Object: Greek fibula from the colonies in Southern Italy

Material: Silver.

Period: Second half of the 4th century BC.
Late classical to early hellenistic period.

Description:    Ancient fibula with an arched bow and prominent trapezoidal catch-plate. The plate is decorated by a palmette design. Pin attached to the body via a spiral. An extension at the foot of the fibula that was possibly once used to mount further decorative elements.
Nice brooch and piece of jewellery. It is a type from the Greek colonies of Southern Italy.

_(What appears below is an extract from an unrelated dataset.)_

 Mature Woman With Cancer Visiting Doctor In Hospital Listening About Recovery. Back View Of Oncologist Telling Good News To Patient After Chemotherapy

Background: Fibulae were more than just brooches or pins for fastening garments. They were jewellery and status symbol and were worn prominently near the shoulder. This explains the abundance of fashionable shapes and styles that can be observed with surviving ancient pieces. They vary with region, era and social background of the wearer. Modern archaeology uses that distinctiveness to quickly attribute an archaeological find whenever a fibula is part of it.

Dimensions: 51mm length.

Condition: Very good condition. Inlcuding original pin, but bent part of the catch-plate chipped and missing. Plate slightly deformed. Possibly tip of the foot extension missing. Nice patina.

Provenance: Acquired by us in 2020 on the British art market. Previously property of a British family. Acquired in 1983 from the Swiss private collection of Oswald Burchard.
Mr. Burchard acquired many objects from the collection of M. Hess that was auctioned by Hôtel Jura in Basel. It is likely that this fibula originated from the Hess collection as well.

References: Cf. J. Paul Getty Museum, Objektnr. 77.AM.120.1 (without palmette decoration).
Cf. F. H. Marshall, Catalogue of the Jewellery Greek, Etruscan & Roman in the Departments of Antiquities British Museum, plate XX, no. 1412 (earlier date given there).

Literature: A very good and compact overview on the subject of ancient fibulae is given by R. Heynowski in his book "Fibeln - erkennen, bestimmen, beschreiben" (Deutscher Kunstverlag, 2012, German language).

Authenticity: We unconditionally guarantee the authenticity of every artefact, all items are subject to our lifetime return policy on authenticity.